La tercera postura es dejar de lado el “debate mediático”, y dejar que los tribunales actúen. Y si existe divergencia en los fallos, el mismo sistema tiene procedimientos que hay qué seguir. Lamentablemente, las instituciones políticas solo deben modificarse desde adentro, en una lucha constante por hacerlas perfectibles. Los observadores ciudadanos y el seguimiento de cerca de los procesos, así como el debate social que es respetuoso de la institucionalidad, es la forma deseable para un caso de esta envergadura.
Sin embargo, la tentación antisistémica es mucho más fuerte que la capacidad de los actores de luchar dentro de los parámetros que establece el mismo sistema; contribuye a este hecho, el supuesto que es más fácil presionar políticamente para obligar a un determinado fallo, que confiar en las reglas del sistema, tal como ocurrió con la primera versión de la CICIG, la que tuvo al frente al Dr.
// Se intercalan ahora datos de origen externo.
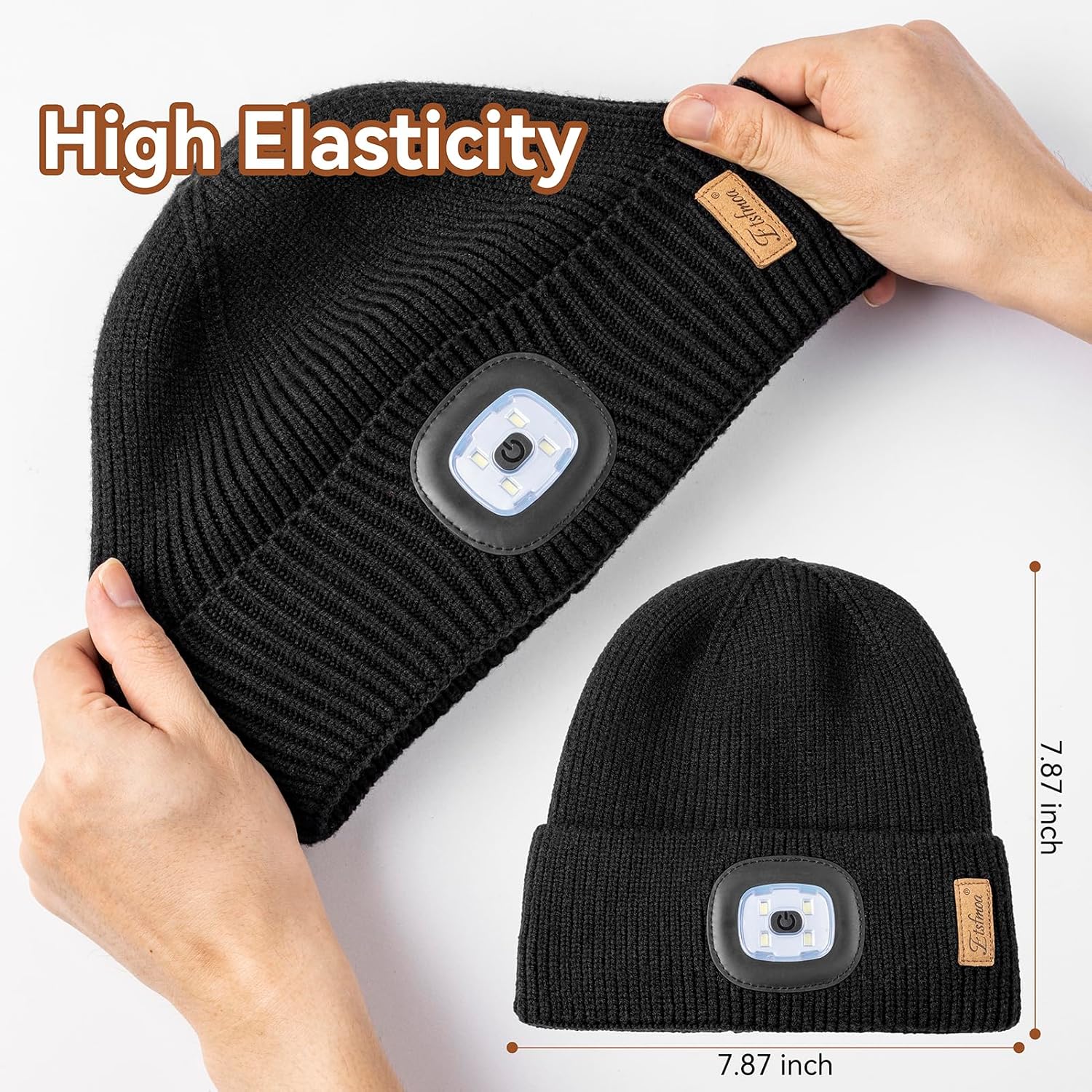 Etsfmoa Hat with Light for Kids,Fleece Lined Knit Beanie for Boys and Girls,Type-c Rechargeable Headlamp LED Cap - Image 3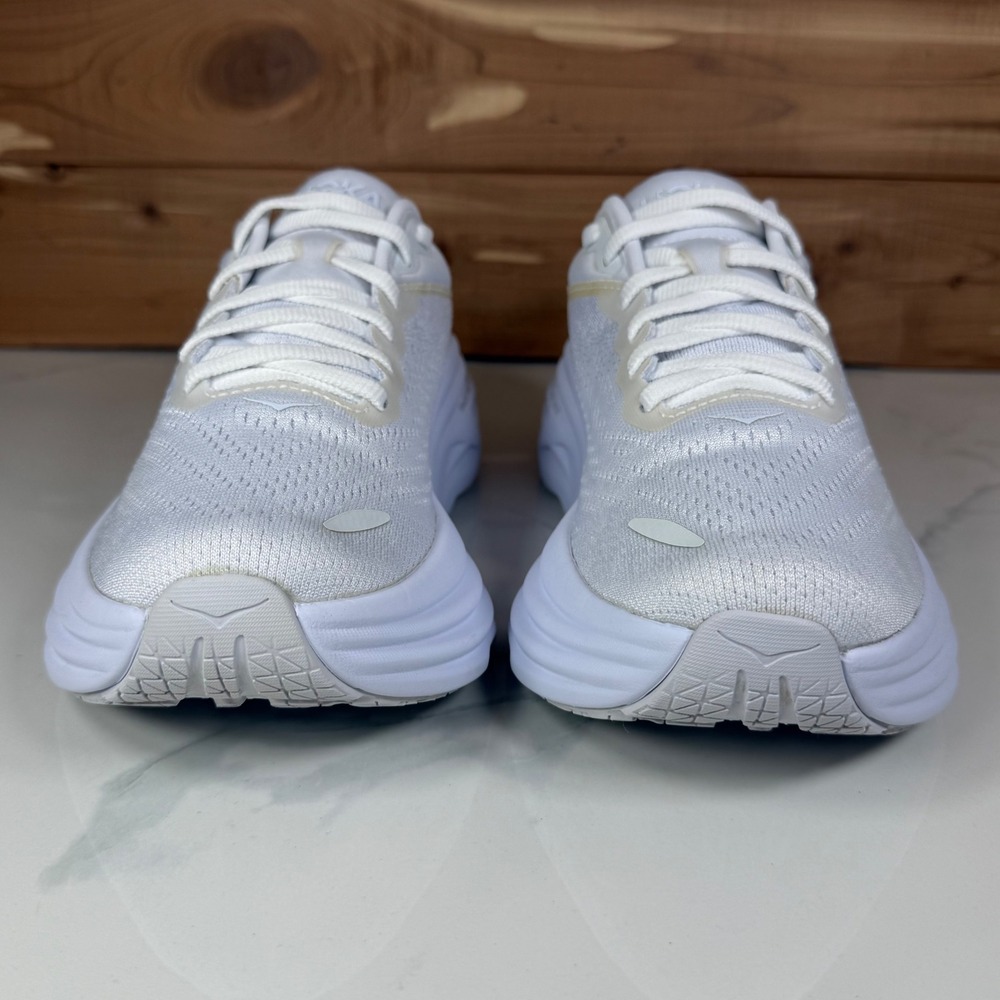 Hoka One One White Athletic Running Shoes with Subtle Gold Trim - Picture 8 of 16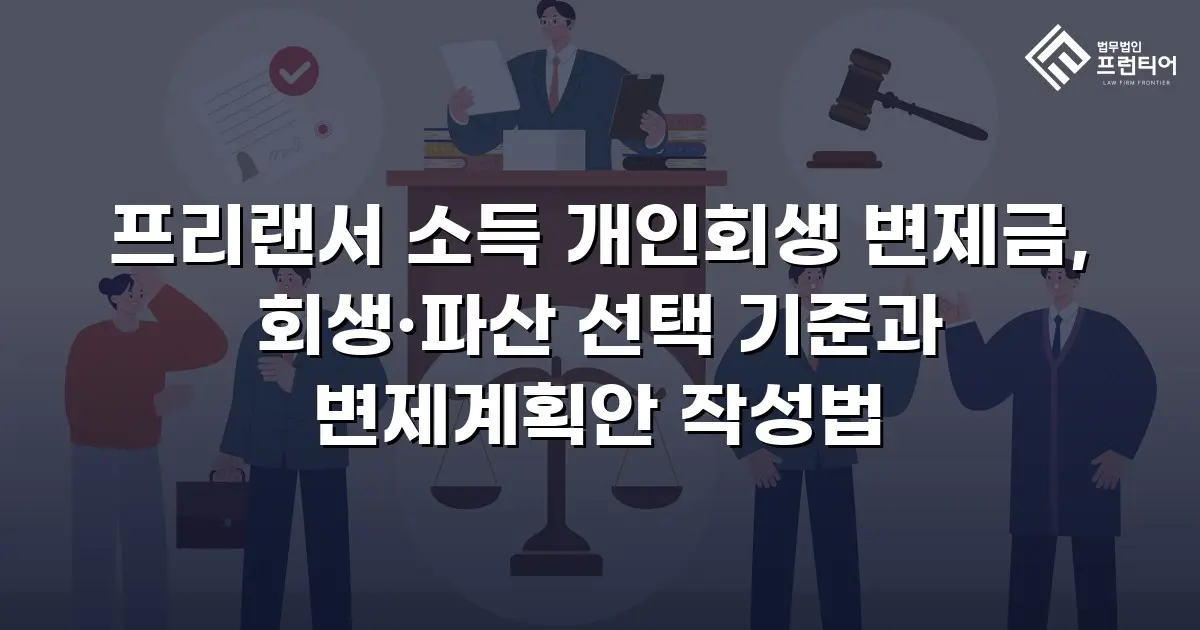프리랜서 소득 개인회생 변제금, 회생·파산 선택 기준과 변제계획안 작성법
Castresana. Sin embargo, estas acciones de presión política, lejos de fortalecer, debilitan aún más la ya maltrecha institucionalidad judicial del país. Conclusión: el camino sistémico es más largo, aparentemente más costoso, pero es el más seguro en términos de construir un mejor país.
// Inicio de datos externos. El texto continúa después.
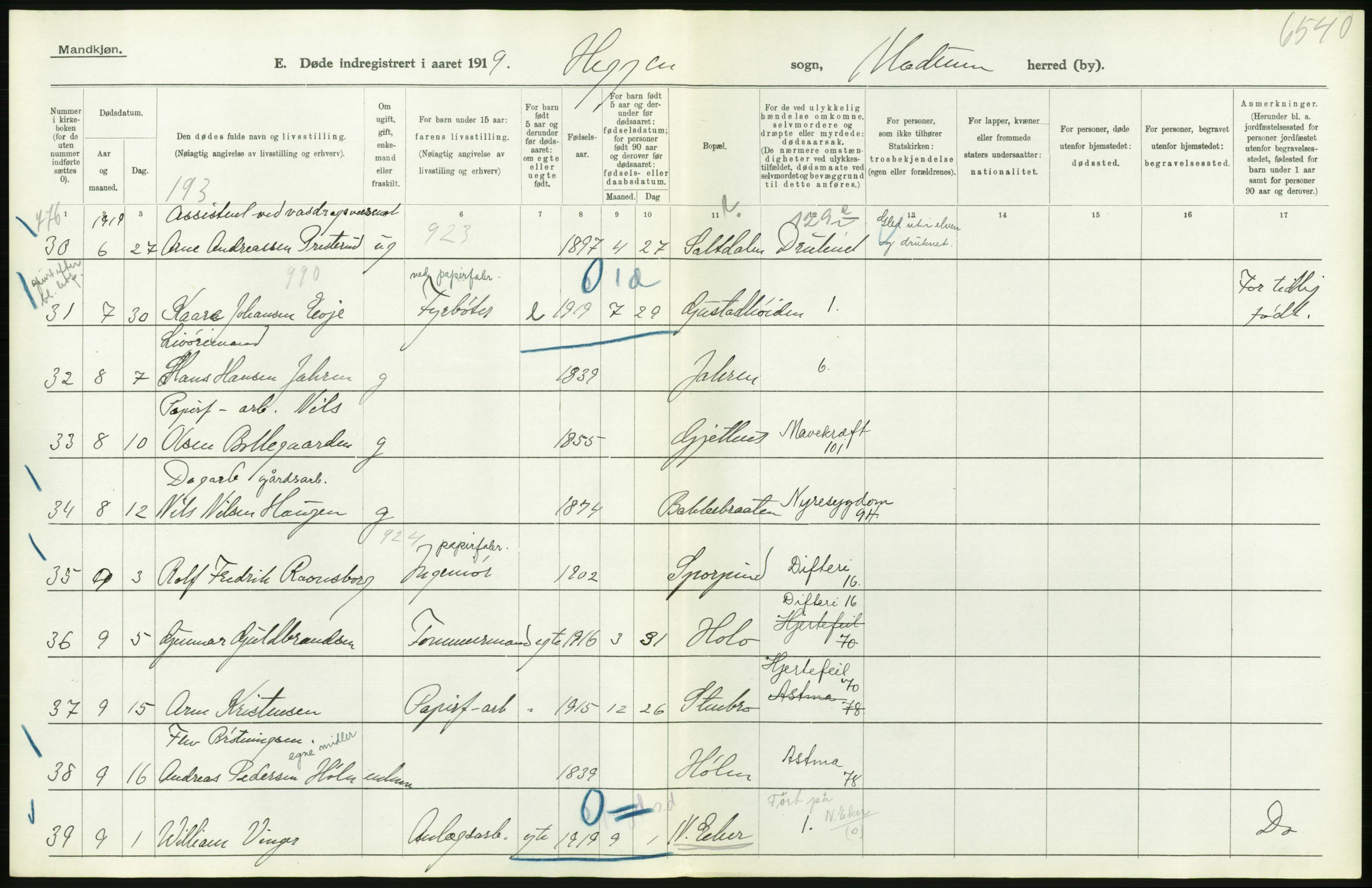 Statistisk sentralbyrå, Sosiodemografiske emner, Befolkning, RA/S-2228/D/Df/Dfb/Dfbi/L0018: Buskerud fylke: Døde. Bygder og byer., 1919, p. 248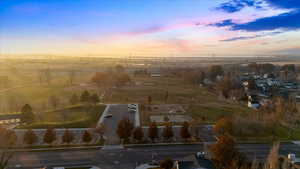 View of aerial view at dusk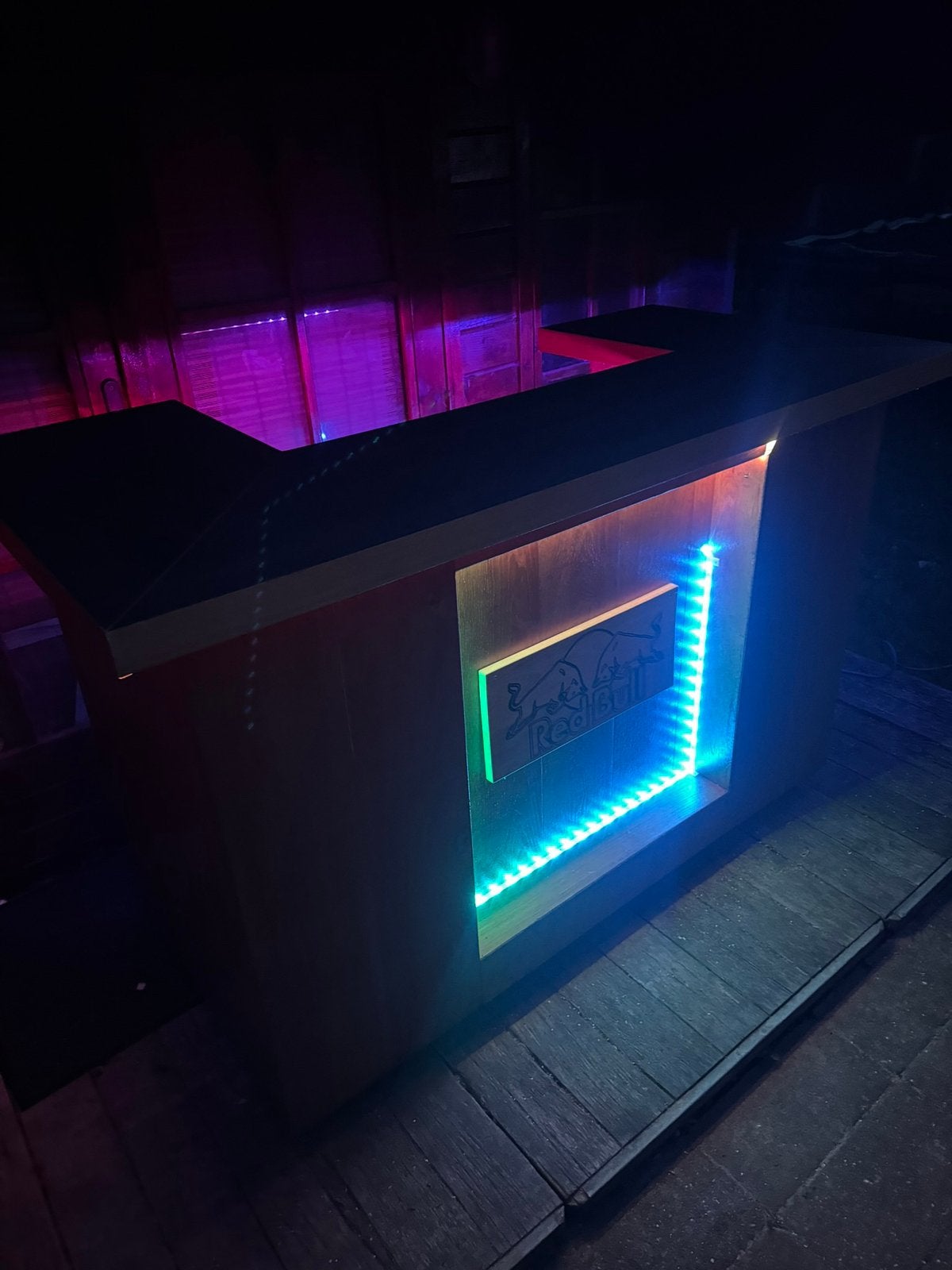 Luxe houten thuisbar / mancave bar met LED-verlichting, Huis en Inrichting, Barren, Ophalen, Zo goed als nieuw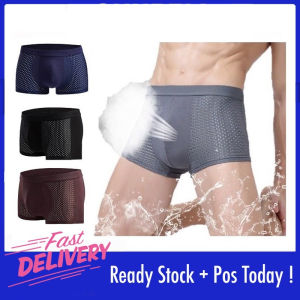 [LOCAL STOCK ]Mens Solid Breathable Underwear Bamboo Fiber Mens Comfortable Boxer Shorts Fat underwear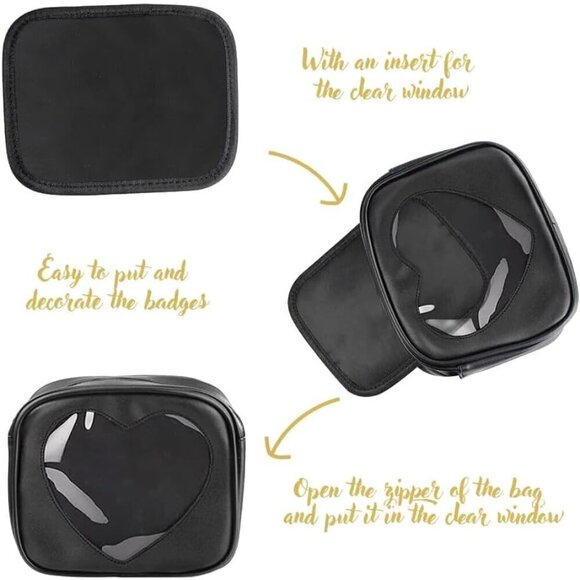 Women Black Ita Bag Crossbody Cat Small Ita Purse Pin Display Bag with Insert - Picture 2 of 7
La institucionalidad de cualquier país desarrollado ha soportado eventos de gran polarización y crisis, como la Guerra de Secesión en Estados Unidos, o la Segunda Guerra Mundial en Europa. Sin embargo, una larga tradición de confianza y perfeccionamiento de sus respectivas instituciones es lo que han hecho la diferencia.
El polémico caso Ríos Montt, por lo tanto, es una oportunidad de oro para que los actores involucrados apuesten por fortalecer la institucionalidad del Estado, evitando la tentación de descalificar cualquier fallo judicial que no les guste.